- [PROMPT]
Transcribe, starting at the line with "우일리 아르테아가는 돌과" and ending at the line with "Modern bathroom with", every line of the material below exactly, but leave out the pictures and anything outside that span.

- [SOURCE MATERIAL]
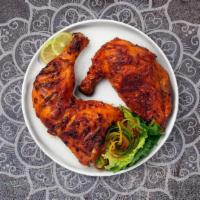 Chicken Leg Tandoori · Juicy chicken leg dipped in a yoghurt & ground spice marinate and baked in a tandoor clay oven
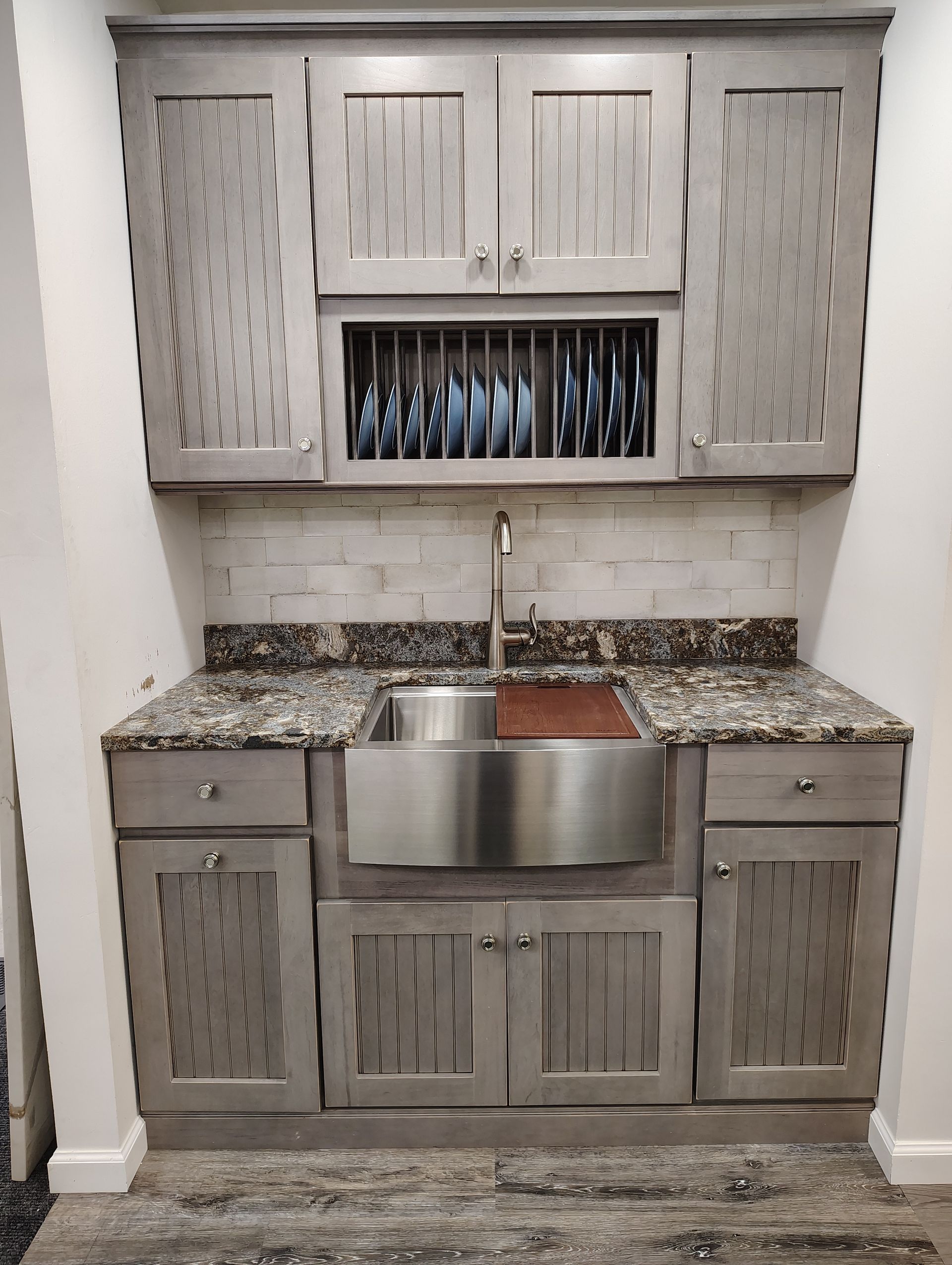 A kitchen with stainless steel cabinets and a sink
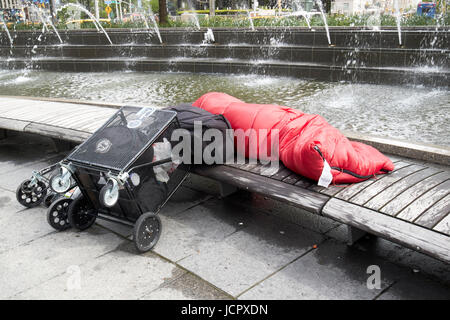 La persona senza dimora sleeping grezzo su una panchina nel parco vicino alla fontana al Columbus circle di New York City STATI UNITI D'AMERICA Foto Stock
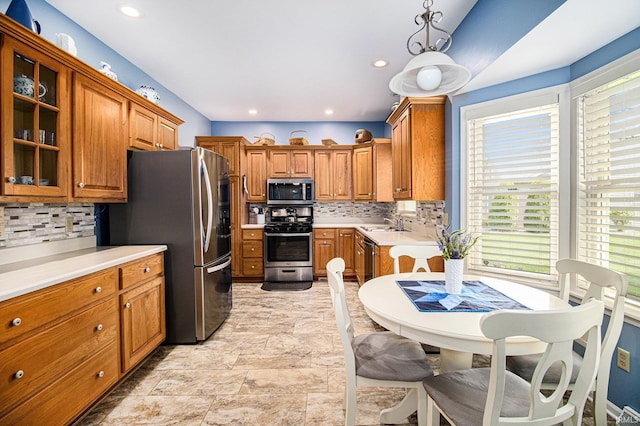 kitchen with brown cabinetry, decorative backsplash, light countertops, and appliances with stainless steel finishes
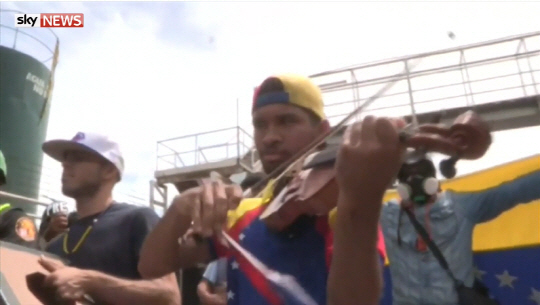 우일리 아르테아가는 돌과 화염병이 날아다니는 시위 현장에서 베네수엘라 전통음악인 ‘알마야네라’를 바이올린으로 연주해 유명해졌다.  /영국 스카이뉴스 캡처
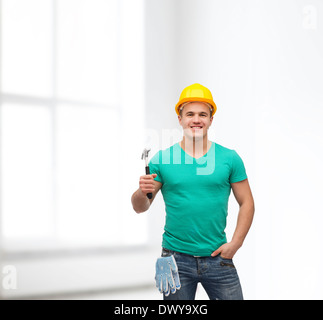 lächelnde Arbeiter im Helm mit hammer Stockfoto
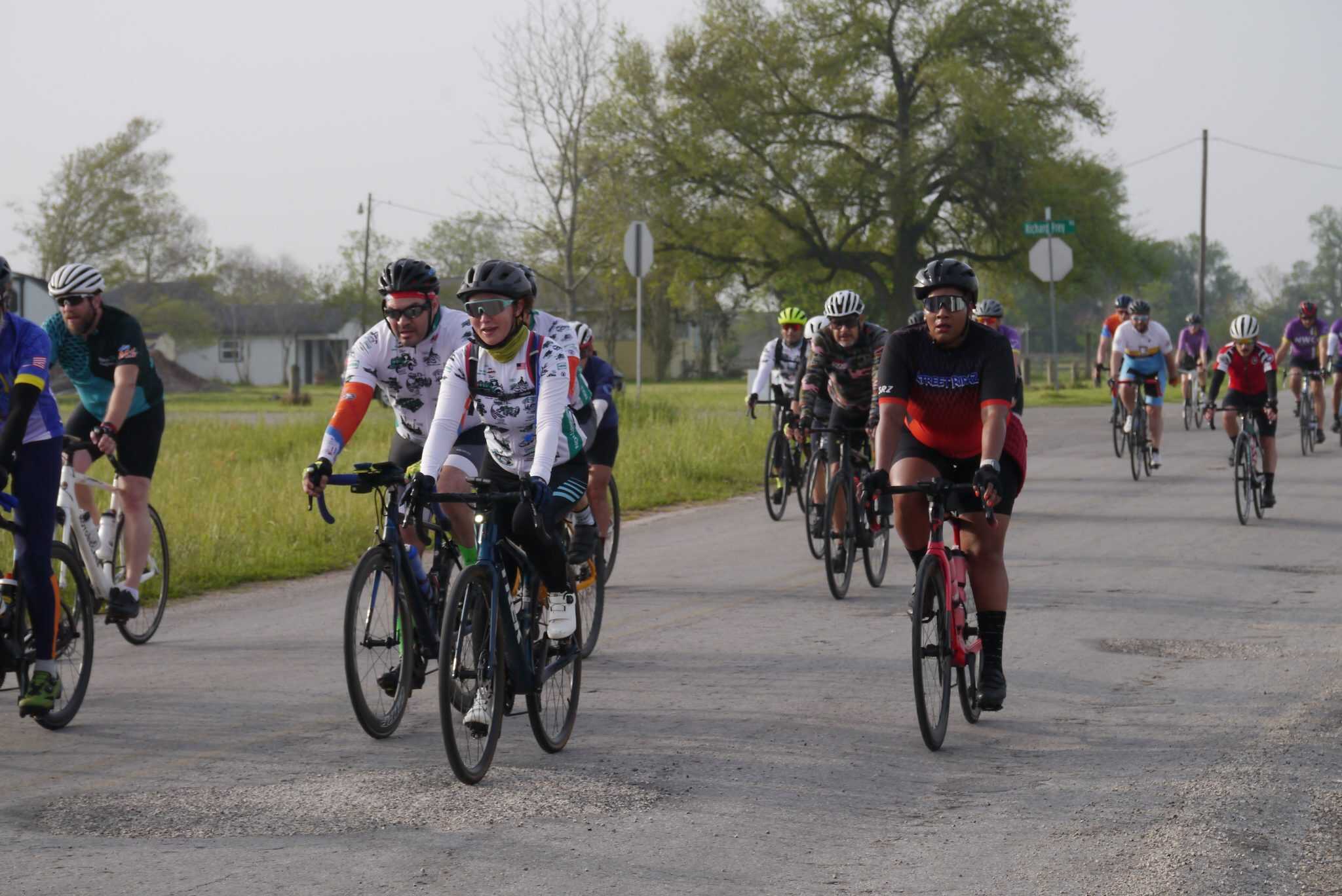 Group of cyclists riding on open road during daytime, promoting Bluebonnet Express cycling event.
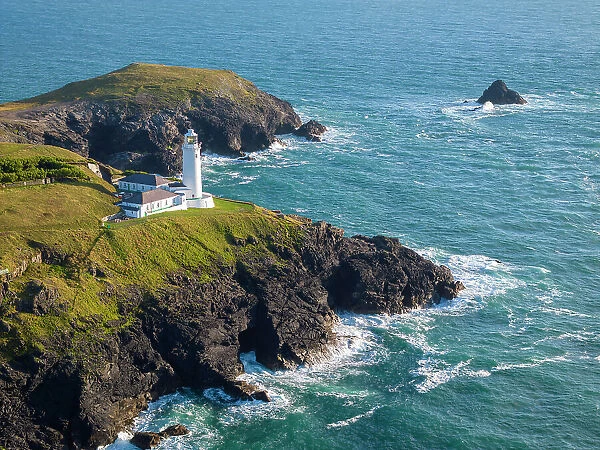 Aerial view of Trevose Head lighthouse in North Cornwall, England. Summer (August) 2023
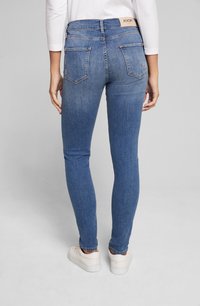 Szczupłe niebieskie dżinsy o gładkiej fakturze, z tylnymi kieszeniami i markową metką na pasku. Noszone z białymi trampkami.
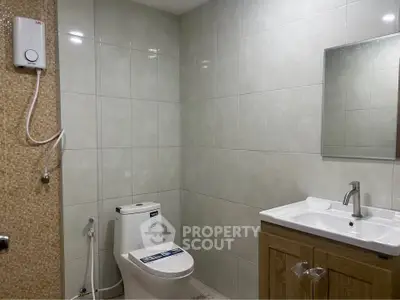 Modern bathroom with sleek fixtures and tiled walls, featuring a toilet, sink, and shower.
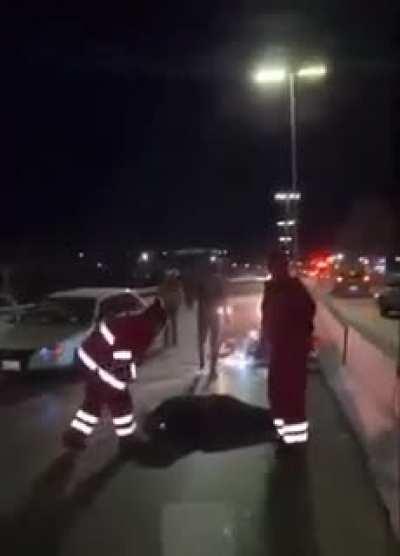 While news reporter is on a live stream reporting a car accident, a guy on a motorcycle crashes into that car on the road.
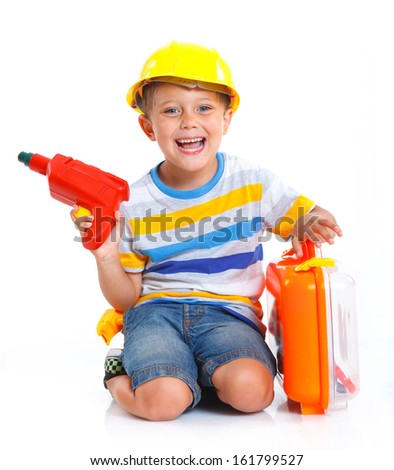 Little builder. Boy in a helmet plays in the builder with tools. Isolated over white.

- [TASK RESULT]
 우일리 아르테아가는 돌과 화염병이 날아다니는 시위 현장에서 베네수엘라 전통음악인 ‘알마야네라’를 바이올린으로 연주해 유명해졌다.  /영국 스카이뉴스 캡처
 lächelnde Arbeiter im Helm mit hammer Stockfoto
 Group of cyclists riding on open road during daytime, promoting Bluebonnet Express cycling event.
 Aerial view of Trevose Head lighthouse in North Cornwall, England. Summer (August) 2023
 Szczupłe niebieskie dżinsy o gładkiej fakturze, z tylnymi kieszeniami i markową metką na pasku. Noszone z białymi trampkami.
 Modern bathroom with sleek fixtures and tiled walls, featuring a toilet, sink, and shower.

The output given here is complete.